Car pour lui, la rencontre sexuelle est d’abord celle de deux singularités qui convoquent les cinq sens pour s’épanouir (seule activité humaine qui procède de la sorte). Freud ne dit-il d’ailleurs pas que l’acte sexuel est l’acte le plus bouleversant pour un être humain? Paradoxalement, Sollers dont on dit qu’il a connu un grand nombre de partenaires, affirme bien que rien n’est anodin dans l’acte : cela reste à chaque fois exceptionnel, voire transgressif : l’acte entre deux êtres humains est toujours-déjà désenclavé de l’enchaînement social, quand il est l’opportunité d’une rencontre entre deux singularités il fait toujours rupture. Or, ce qui a une très haute valeur suscite l’intense convoitise. Le succès du porno en est la plus plate des conséquences, ou celui des sites de rencontres rapides.

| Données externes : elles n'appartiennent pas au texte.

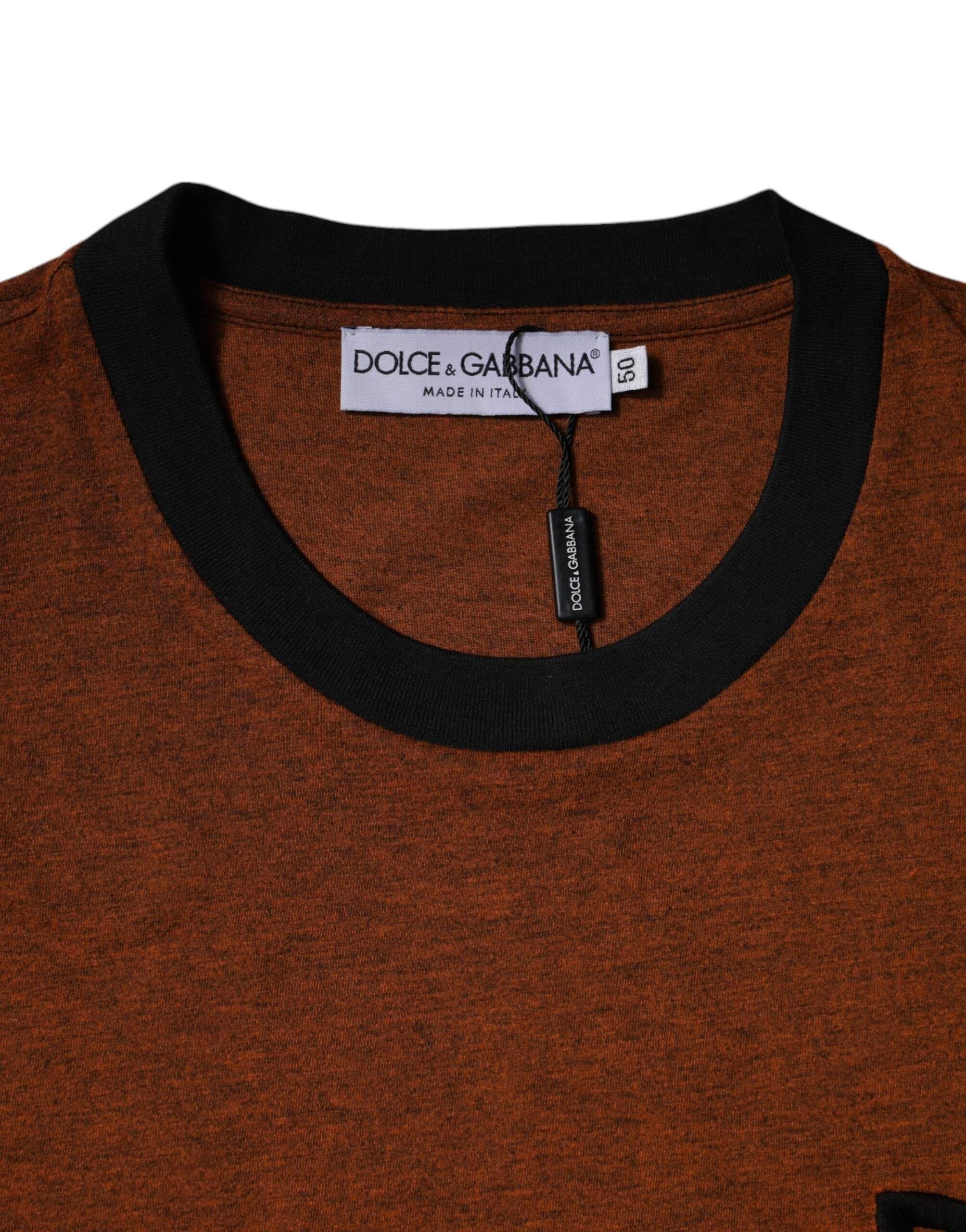 Dolce & Gabbana Brown DG Logo Polyester Crew Neck T-shirt - Hilstor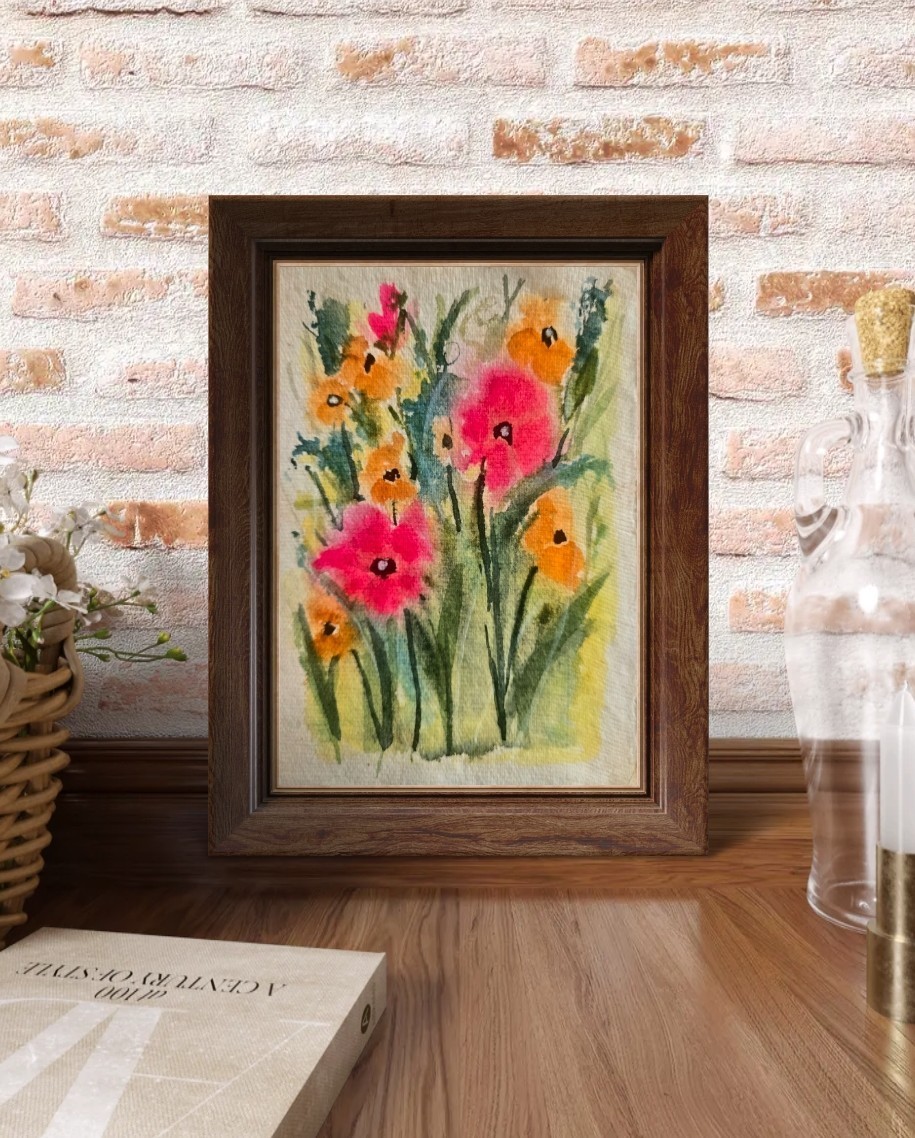 Original Signed Watercolor Painting. Floral. Roses. Pink. Wall art. Bouquet.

C’est pourquoi Sollers invite au repli, à la dérobade, au combat retardateur pour ne pas exposer l’essentiel à savoir ce moment exceptionnel à se voir, se toucher, se goûter, se sentir et s’ouïr. Et surtout se parler, où le corps investi et s’investissant ainsi en amour, se doit de le dire dans un chant continu et infini (Sollers vénère Mozart et ses opéras), mais surtout, se doit de le dire en toute clandestinité.
Son tout dernier texte insiste : il convient d’avoir les réflexes de l’Agent secret (Mercure de France), qui fait ses coups médiatiques pour faire bouger les lignes, puis qui se planque afin de se ressourcer à l’essentiel, loin de l’Œil contrôlant et jaloux.
Philippe Sollers s’est planqué une dernière fois. Quand on sait à quels délices il s’autorise dans ses dérobades, lui qui était chrétien (et même papiste !), je n’ose imaginer quel Paradis il a atteint.